Speculation: The CCX in Zen 2

realibrad · Nov 5, 2018

beginner99 said:
4 Zen1 cores will obliterate 8 jaguar cores easily especially in single-threaded limited scenarios. clock them at their optimum around 2.5 ghz and they are very power efficient. I admit the gpu part would be somewhat of an issue. Vega 56-like could be around 450mm2 + 96mm2 for 4 zen1 cores = 550mm2 on 14nm. maybe bit smaller on 12nm. For sure doable in 2020 when yields should be excellent.

I remember a graph when zen was fist being tested. I think saying very efficient is if anything an understatement. I remember being shocked at how low the power usage was when it was clocked lower.

Vattila · Nov 22, 2018

Things have changed slightly here: The poll results now show 4-core CCX in the lead with 44%. 6-core is still at 41% (I chalk that down to stubbornness or loss of interest in this thread), and 8-core gained some proponents lately to 15%, presumably with the 8+1 chiplet rumours, speculation and details of Rome becoming public.

It seems that 4-core is now pretty much confirmed, with this tweet from VideoCardz.com:

"2x AMD Eng Sample: 2S1404E2VJUG5_20/14_N (64C 1.4Ghz 800MHz IMC, 64x 512KB L2, 16x 16MB L3)"

https://twitter.com/VideoCardz/status/1065553242518626304?s=19

In other words, there are 16 L3 caches, and as we know the L3 in Zen acts as a crossbar between cores in a CCX (CPU core complex). 64/16 = 4 cores in each CCX.

Now, some interesting topology questions: Are the cores connected to the IO chiplet through a 9-port Infinity Fabric router (all cores connect directly to this router for access to IO and external cores) or, more likely, does each CCX have its own 5-port IF router, with a third 3-port IF router connecting to the IO chiplet (or 6-port IF per CXX in a triangle arrangement), or less likely, just two 5-port IF routers with independent links to the IO chiplet?

HurleyBird · Nov 22, 2018

It does greatly increase the likelihood of a 4-core CCX, but at the same time Sandra (that's what this is going by the readout) doesn't always get every detail right on pre-release hardware.

Vattila · Nov 22, 2018

Here is a back-of-the-envelope schematic, focusing on the topology of the Infinity Fabric routers. It shows one possibility, the triangle arrangement, for each CPU chiplet. Note that I have rotated the IO chip 90 degrees, compared to the block diagram shown by AMD, just to focus on the hierarchy.
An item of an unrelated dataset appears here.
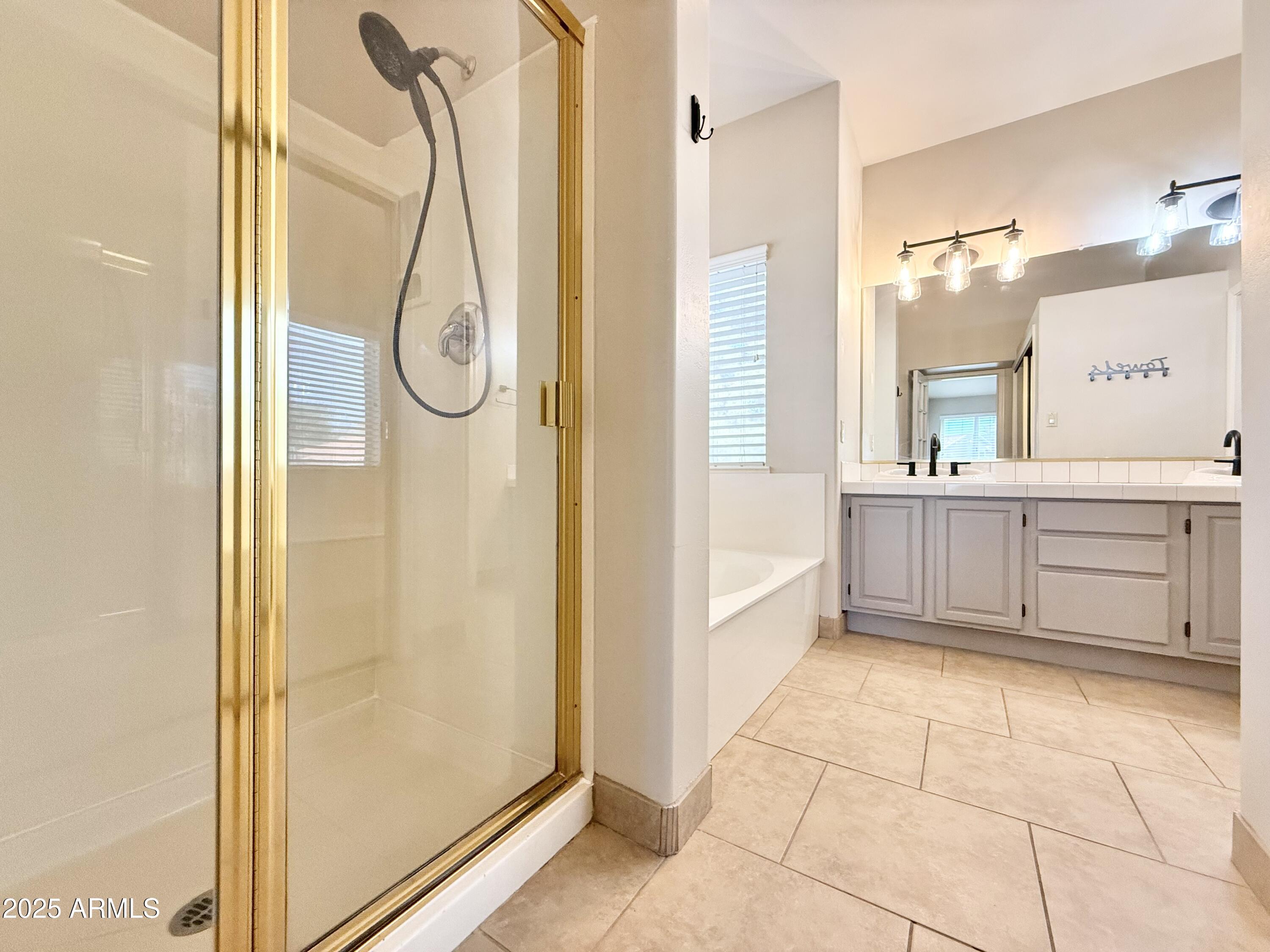 2718 East Bighorn Avenue Phoenix, AZ 85048 - Photo 23 of 31 a bathroom with a tub sink and mirror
Note that there is a lot of routing complexity left out, in particular pertaining to memory and IO. Each of the 8 IF routers shown on IO chiplet has to connect to the SCH (system controller hub), the 4 DCMCs (dual-channel memory controllers), and the PCI-Express ports.
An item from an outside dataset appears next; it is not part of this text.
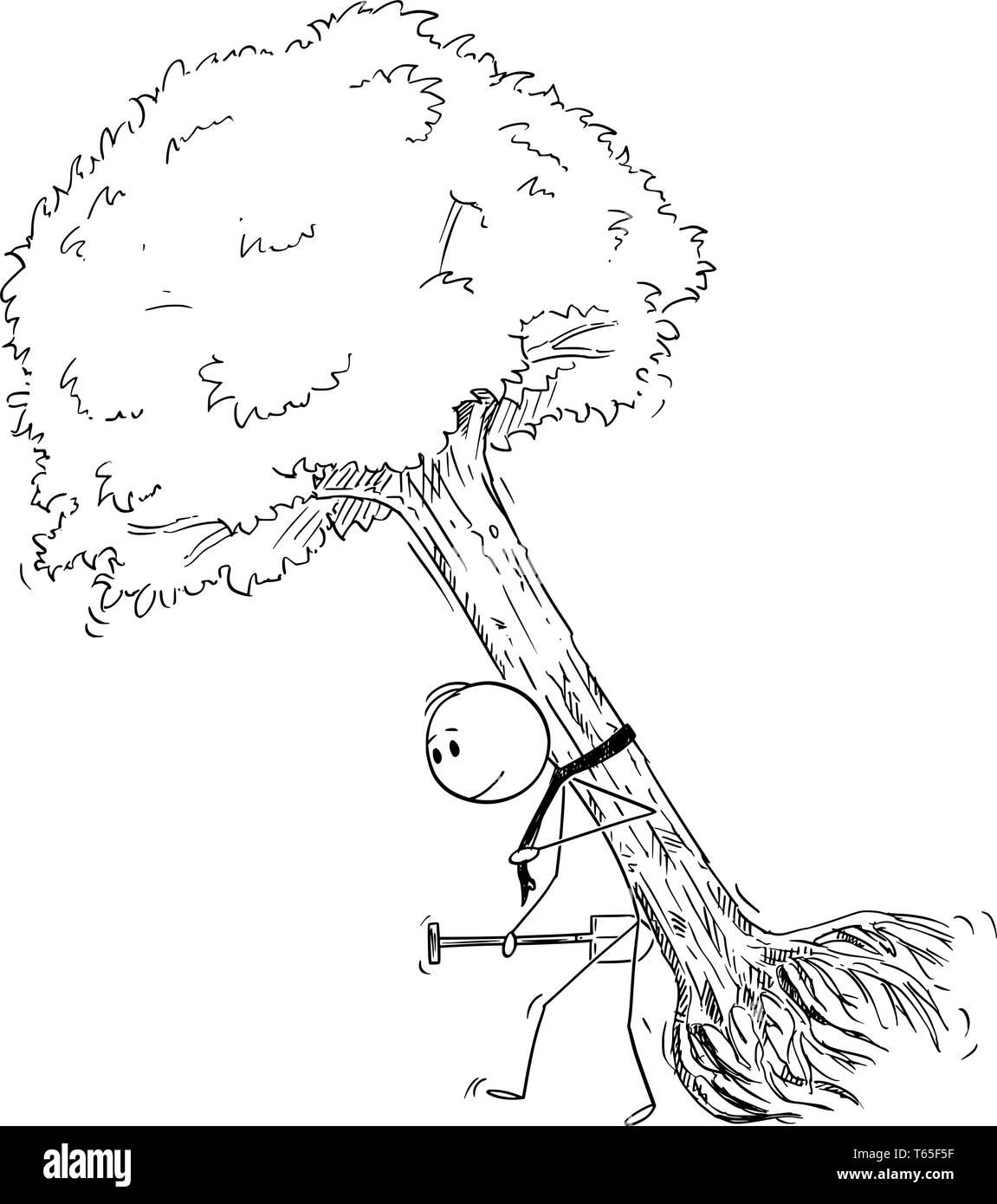 Cartoon stick figura disegno illustrazione concettuale dell uomo che porta grande albero di piantare. Natura, ecologia e concetto ambientale. Illustrazione Vettoriale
Contrary to connecting all 8 IF routers directly to an IF router for each of these, which would require a lot of wiring, I suspect there is some asymmetry, with the left half of the IO chip (4 IF routers) connected to 2 DCMCs and half the PCI-Express lanes. Then each half is connected through a pair of IF routers with a fat link between them.

Having direct connections from all the 8 IF routers to the SCH (and the Secure Processor) seems overkill, since there it has less stringent requirements for bandwidth and latency. So I suspect this simply has a single connection to one of the IF routers, with all the others having to be route traffic to the SCH through the network between them.

Any thoughts about this will be appreciated.

Vattila · Nov 22, 2018

Here is one hypothetical topology for hooking up the dual-channel memory controllers. In this case, the L4 (prefetch buffer, cache-coherency directory), if any, can be associated with the memory controller, and used to ascertain whether a memory access is needed or should be read from cache in one of the chiplets, and to update stale cache lines in case of writing to memory shared among the caches.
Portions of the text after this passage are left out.